Chasing Lincoln's Killer

Swanson, J.L. (2009). Chasing Lincoln's Killers. New York, NY: Scholastic, Inc.

The book begins with President Abraham Lincoln's inaugural speech on March 4, 1865, of which his eventual assassin, John Wilkes Booth, an actor, was present. It continues on to discuss the end of the Civil War with the fall of the Confederate Army on April 3, 1865. Booth, furious with Lincoln for his success in ending the war and his belief in the rights of black people, had been plotting harm to the president for some time. It was on the night of April 14, 1965, when Mr. Lincoln and his wife were to see a play at the Ford Theater that Booth took his chance to assassinate the president. The book details Booth's plan, as well as his plot with several accomplices to assassinate the Secretary of State and the Vice President as well. It discusses the events that took place that night and the weeks following as the manhunt for Booth and his accomplices ensued.
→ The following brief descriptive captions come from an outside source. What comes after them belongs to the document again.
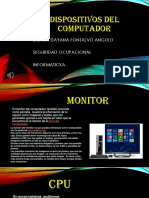 Dispositivos Del Computador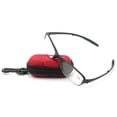 thumbnail image 2 of Gafas de lectura plegables con estuche, las lentes viejas no se deslizan hacia abajo, 2 of 4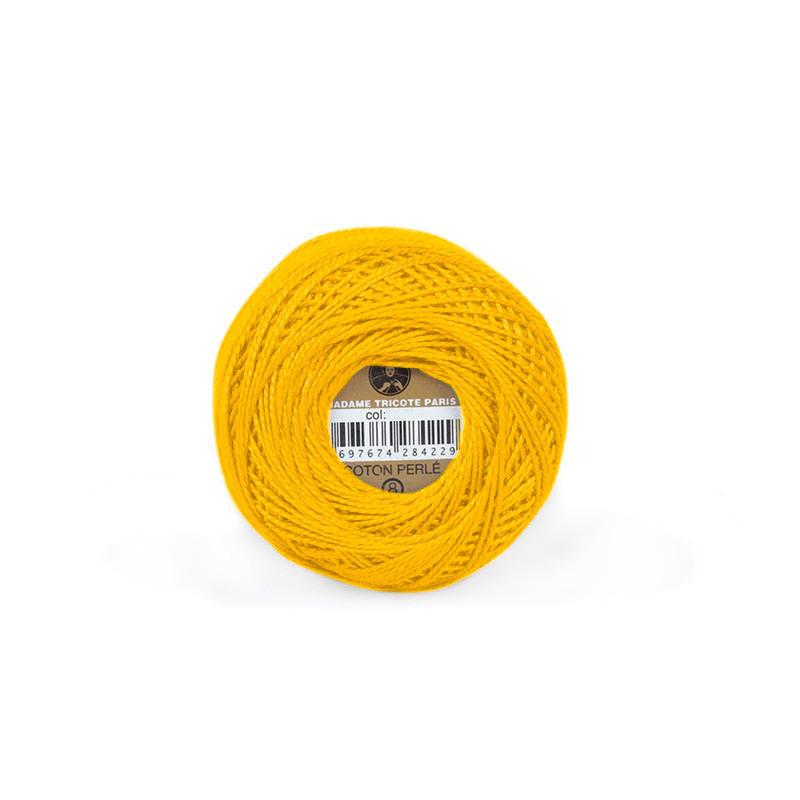 Cotton perl&eacute; 8 10 gr
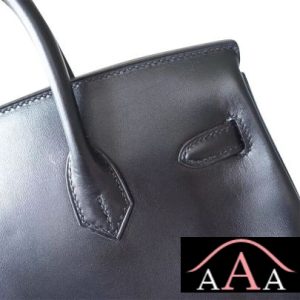 HERMES BIRKIN 25 HANDBAG 89 NOIR BOX GHW-4.jpg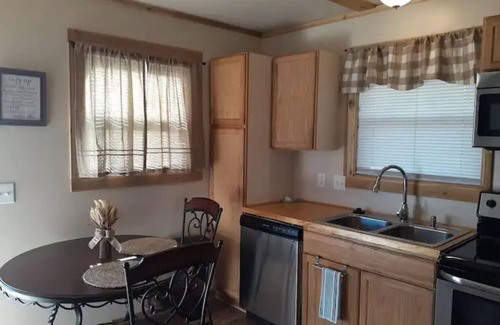 Weston Cottage | Cottage No. 1 on Ranch with Fishing & Camping
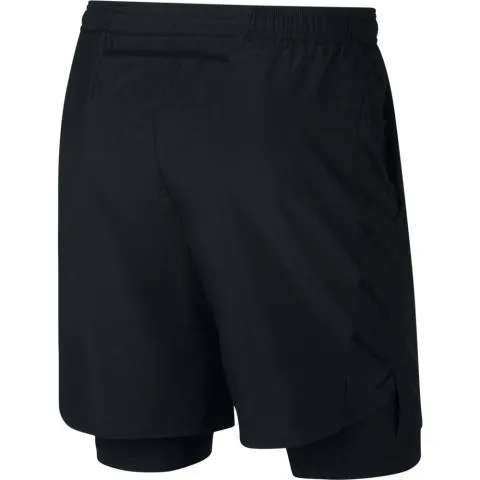 PANTALONES CORTOS PARA CORRER 7 2 EN 1 PARA HOMBRES "  NIKE CHALLENGER  AJ7741010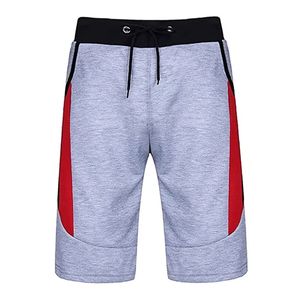 Shorts décontractés respirants pour hommes, dernier design, service OEM - Product Image 3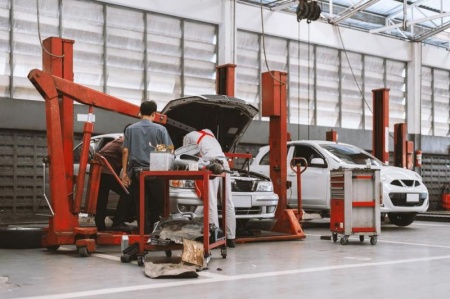 Les atouts d'un garage Renault pour votre entretien auto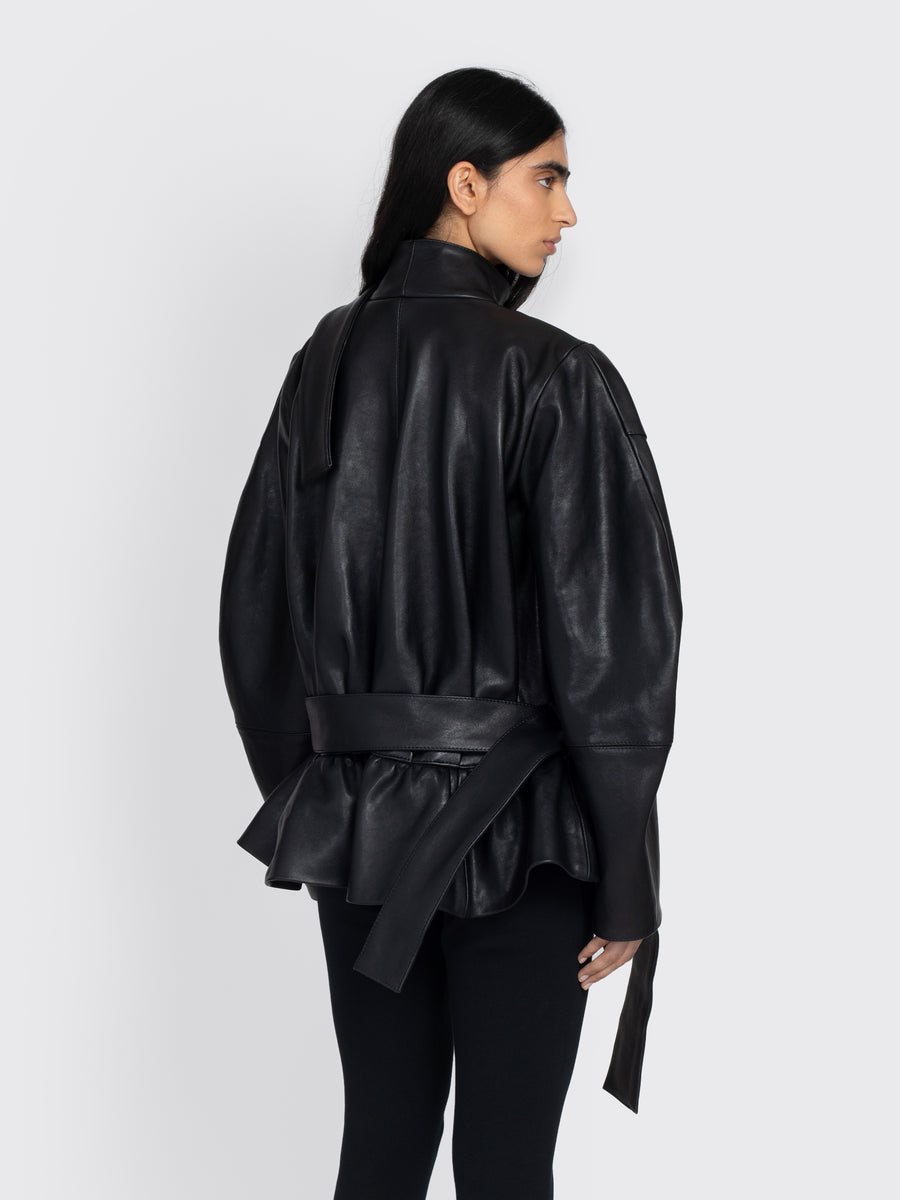 Julia Leather Jacket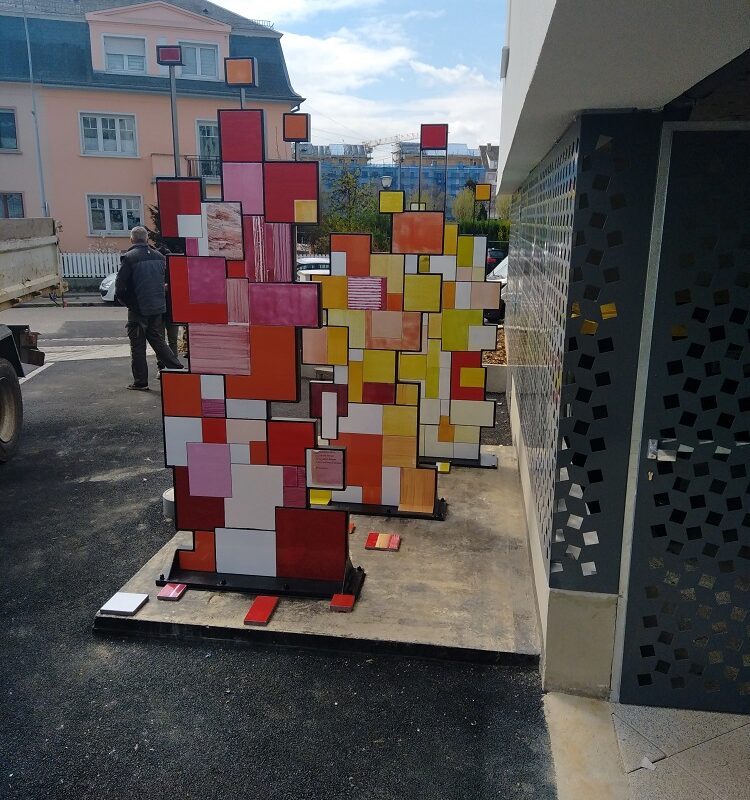 Projet Pixelium Colmar 1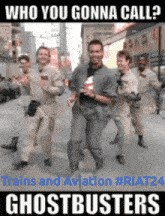 Trains And Aviation Riat24 GIF
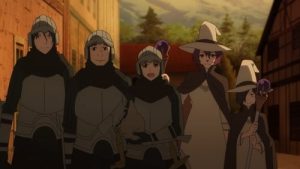 Tate no Yuusha no Nariagari Episodio 10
This book was fascinating. It is full of authentic quotations from the events that took place, as well as maps and photographs of the victims, assassins, and weapons used. This is a riveting historical account of one of the most horrible events in American history. I learned things I had never known about Lincoln's assassination, as the book goes into great detail into the plot. It was fascinating to read about the manhunt for Booth and to see how divided the country was, with all of the people willing to aide Booth in his escape to the South. The photographs are a wonderful accompaniment to the book, providing spooky photographs of Booth's accomplices as they waited their execution aboard prison ships.


Reading Level:
Ages 10 - 15

Similar Books:

Civil War, racism, history, Abraham Lincoln, assassination

YALSA Best Book for Young Adults

Furious over the fall of the Confederacy, the actor John Wilkes Booth assassinates President Abraham Lincoln in the Ford Theater. What ensues is a chaotic manhunt, full of deception, narrow misses, and those willing to aide a murderer in his escape.